Summary:
LINE-1 retrotransposons, comprising 17% of the genome, drive cancer instability through hypomethylation. The DIAMOND assay, targeting LINE-1 hypomethylation with bisulfite sequencing of cell free DNA, achieved AUCs of 88% to 100% across six cancer types, surpassing mutation-based diagnostics and suggesting utility in early cancer detection and management.
Main Text:
In this issue of Clinical Cancer Research, Michel and colleagues introduce the DIAMOND assay (Detection of Long Interspersed Nuclear Element Altered Methylation ON plasma DNA) (1), a novel circulating tumor DNA (ctDNA) detection approach targeting hypomethylation of LINE-1 retrotransposons (Figure 1). This nonlocalized strategy offers a universal ctDNA biomarker with impressive potential for multi-cancer early detection. LINE-1 elements, comprising approximately 17% of the human genome, are repetitive retrotransposons that play critical roles in genome structure and regulation (2). Hypomethylation of LINE-1 elements is a hallmark of genomic instability in cancer, enabling chromosomal rearrangements, generating chimeric transcripts, and disrupting normal gene regulation—all of which contribute to tumorigenesis. Despite their abundance and mechanistic significance, LINE-1 elements have been underutilized as biomarkers due in part to technical challenges in mapping and interpreting these highly repetitive sequences.
Figure 1:
The publication by Michel and colleagues (1) presents the DIAMOND assay, a non-invasive method for multi-cancer detection using LINE-1 hypomethylation of plasma cell-free (cf) DNA as a biomarker. Plasma cell-free DNA is treated with sodium bisulfite, prepared into libraries, and sequenced to analyze (with machine learning) methylation patterns at LINE-1 elements. This targeted approach enables accurate detection of multiple cancers across various tissue types, highlighting its potential as a universal multi-cancer early detection diagnostic tool. Biorender.com were used to create this figure. Created in BioRender. Chauhan, P. (2025) https://BioRender.com/v04a349
Indeed, the detection and interpretation of ctDNA has transformed oncology, providing critical tools for noninvasive cancer diagnosis, prognosis, and treatment monitoring. Advancements have largely been driven by technologies focused on increasing the signal-to-noise of small variants present in ctDNA. However, as ctDNA technology expands into applications such as early detection and minimal residual disease monitoring, even single copies of small variants may not be present in a reasonable volume of plasma. An alternative approach addressing this fundamental limitation is to detect signal broadly across coherent changes dispersed throughout the genome and epigenome of tumor tissue, in line with the seminal work by Michel and colleagues.

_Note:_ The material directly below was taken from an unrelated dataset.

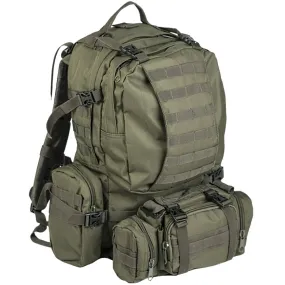 Mil-Tec Assembly Defense Pack 36L Olive Green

Michel et al. (1) designed a bisulfite sequencing assay with PCR primers targeting 30,000–40,000 primate-specific LINE-1 (L1PA) retrotransposons, encompassing approximately 100,000 CpG sites that are commonly hypomethylated in multiple cancer types. To overcome the challenge of aligning reads to inherently repetitive genomics elements, they instead generated de novo a reference of representative LINE-1 sequences from their sequenced amplicons. Cell-free DNA reads were aligned to this LINE-1-specific reference and distinguished using highly distinct 16N random nucleotide barcodes, enabling precise quantification of unique methylated target molecules from 30 high-quality CpG sites across seven probes. By combining possible methylation states across each probe, the authors identified 372 unique methylation haplotypes. These haplotypes served as inputs for statistical models built using a random forest classifier algorithm.
The DIAMOND assay achieved an area under the curve (AUC) of 88% to 100% across six cancer types, with a sensitivity of 70% (at 99% specificity) for stage I-II malignancy. As a standout, non-metastatic ovarian cancer detection reached an AUC of 96%, exemplifying the assay’s clinical promise. DIAMOND outperforms mutation-based diagnostics in cancers such as localized gastric and ovarian, where mutations frequencies are inherently low. Certain cancers, like those driven by LINE-1-mediated mutagenesis (e.g., colorectal and lung cancers), may uniquely benefit from DIAMOND’s approach. Moreover, subtype stratification opportunities, such as hormone receptor (+) versus HER2 (+) versus triple-negative breast cancer delineation, illustrate how methylation differences in cell-free DNA LINE-1 elements could inform therapeutic decision-making.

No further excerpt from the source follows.